Шрифт:
Интервал:
Закладка:
Поэтому, когда Альберт меня в двух словах представил и помахал перед всеми приказом, заготовленную напутственно-мотивирующую речь я решила не провозглашать. Вместо этого посмотрела на них взглядом товарища Сталина, и сухо произнесла:
— Слышали все? Вот и прекрасненько. Надеюсь, сработаемся, товарищи, — я ещё раз обвела взглядом притихший электорат, — завтра с утра жду всех по очереди у себя в кабинете с докладами о проделанной работе за год, о результатах и планах на следующий период. Регламент — двадцать минут. Каждому. Будем решать, что дальше делать. А теперь, идите работать, товарищи. Не задерживаю…
Я шла домой. Пользуясь служебным положением, удалось выйти чуть раньше.
Чтобы скостить путь, я пошла через пустырь напрямик. Люблю ходить сюдой, здесь всегда тихо, спокойно и как-то умиротворительно. Я подставила лицо мягкому весеннему солнышку и улыбнулась — на щеку легкий, пропахший ромашками, ветерок швырнул пушок раннего одуванчика, щекотно. Поздняя весна — моя любимая пора: вроде, как и лето ещё не началось, такой прям жары-жары ещё нету, и всё как-то так радостно, приятно, аж душа поёт. Воздух пропитан ароматами цветов и налитых соком трав, а в воздухе чувствуется предвкушение свободы.
Я перешагнула через узенький, в две ладони, ручеёк, который весело побулькивал, пересекая тропинку.

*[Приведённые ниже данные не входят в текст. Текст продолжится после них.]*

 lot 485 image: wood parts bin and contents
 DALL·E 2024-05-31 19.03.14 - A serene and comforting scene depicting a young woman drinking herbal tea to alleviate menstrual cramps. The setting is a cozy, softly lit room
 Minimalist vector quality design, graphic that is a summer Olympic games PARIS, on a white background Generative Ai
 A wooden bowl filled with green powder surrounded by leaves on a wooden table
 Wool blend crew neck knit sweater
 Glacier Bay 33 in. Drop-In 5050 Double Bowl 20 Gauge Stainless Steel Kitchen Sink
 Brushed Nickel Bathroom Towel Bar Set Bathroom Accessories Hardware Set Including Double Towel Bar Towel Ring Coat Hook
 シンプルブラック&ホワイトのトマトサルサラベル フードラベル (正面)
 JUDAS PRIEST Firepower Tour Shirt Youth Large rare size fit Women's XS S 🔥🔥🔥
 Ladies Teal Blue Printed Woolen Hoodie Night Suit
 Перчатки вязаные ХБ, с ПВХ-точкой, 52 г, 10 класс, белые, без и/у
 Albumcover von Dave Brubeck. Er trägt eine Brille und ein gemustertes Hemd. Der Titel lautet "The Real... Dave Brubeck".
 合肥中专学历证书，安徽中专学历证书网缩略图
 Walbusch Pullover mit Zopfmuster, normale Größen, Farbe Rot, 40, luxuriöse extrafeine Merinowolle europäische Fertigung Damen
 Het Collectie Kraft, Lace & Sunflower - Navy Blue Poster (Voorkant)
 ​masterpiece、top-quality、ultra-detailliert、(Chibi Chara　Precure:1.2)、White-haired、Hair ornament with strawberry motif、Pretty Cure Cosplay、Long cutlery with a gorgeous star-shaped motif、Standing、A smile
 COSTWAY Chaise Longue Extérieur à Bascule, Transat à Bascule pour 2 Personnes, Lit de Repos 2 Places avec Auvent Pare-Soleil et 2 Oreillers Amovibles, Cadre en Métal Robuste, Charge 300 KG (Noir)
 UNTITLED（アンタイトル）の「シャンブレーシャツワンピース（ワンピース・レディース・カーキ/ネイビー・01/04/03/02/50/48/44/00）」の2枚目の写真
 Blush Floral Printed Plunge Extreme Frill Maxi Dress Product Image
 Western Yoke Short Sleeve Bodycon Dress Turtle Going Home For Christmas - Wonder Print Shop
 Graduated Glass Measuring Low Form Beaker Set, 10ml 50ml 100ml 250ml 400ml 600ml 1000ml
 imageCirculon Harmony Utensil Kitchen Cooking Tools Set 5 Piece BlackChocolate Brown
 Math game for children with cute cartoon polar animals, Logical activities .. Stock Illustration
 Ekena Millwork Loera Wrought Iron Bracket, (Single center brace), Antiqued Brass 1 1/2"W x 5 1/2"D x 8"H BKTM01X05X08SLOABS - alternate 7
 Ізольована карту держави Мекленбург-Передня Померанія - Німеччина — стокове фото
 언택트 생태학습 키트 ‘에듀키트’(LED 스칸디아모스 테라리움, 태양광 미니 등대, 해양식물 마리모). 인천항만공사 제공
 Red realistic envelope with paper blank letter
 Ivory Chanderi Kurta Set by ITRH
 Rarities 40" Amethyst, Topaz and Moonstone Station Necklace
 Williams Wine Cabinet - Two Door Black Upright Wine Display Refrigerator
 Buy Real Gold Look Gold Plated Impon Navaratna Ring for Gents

От неожиданности большая бурая лягушка отпрыгнула в сторону и сварливо квакнула, ошеломлённо вращая выпуклыми глазами.
Раньше здесь ходить было невозможно, но после того, как соседний со стойкой овраг засыпали и высадили там ёлки, средь густо поросшего одуванчиками и лопухами пустыря возникла удобная тропинка. Я шла по ней и размышляла: круговорот последних дней так затянул, что мое то ли «возвращение», то ли «галлюцинация», как-то отошли на второй план. А ведь есть, о чем подумать. Вот взять хотя бы…
Мои мысли прервал какой-то посторонний звук — в зарослях гигантских лопухов кто-то громко чихнул. Я прислушалась. Кто-то чихнул второй раз и явственно сказал: «Свинство!». Не удержавшись, я заглянула туда. Каково же было мое удивление — прямо посреди пыльных лопухов сидела моя Светка и хмуро рассматривала огромную ссадину на коленке.
— Ты что здесь делаешь? — удивилась я, раздвигая листву.
Светка вздрогнула и удручённо посмотрела на меня из-под спутанной чёлки:
— От Тольки Куликова прячусь, — наконец, сообщила она, и сорвала большой подорожник.
— А что ты с ним не поделила?
— Рогатку его сломала и выбросила, пока он в футбол гонял, — показательно грустно вздохнула Светка, но раскаяния в её глазах я не увидела.
— Нужно же уважать чужую собственность, — сообщила известную педагогическую мудрость я.
— Он из неё по замку из песка стрелял, — привела несокрушимый аргумент Светка и глаза её полыхнули от гнева. — Маринка с Владькой в песочнице замок полдня строили, большой такой получился, а потом их тётя Клава на обед загнала, а Куликов взял из рогатки весь замок расстрелял! Они вернулись — а замка уже нету. Вот разве это справедливо? Кто-то стоил, строил, а Куликов — раз — и расстрелял всё!
— А где ты так коленку разнесла? — спросила я, чтобы свернуть с социально опасной темы. — Боевые раны девочку не украшают. Сражения — это удел мужчин.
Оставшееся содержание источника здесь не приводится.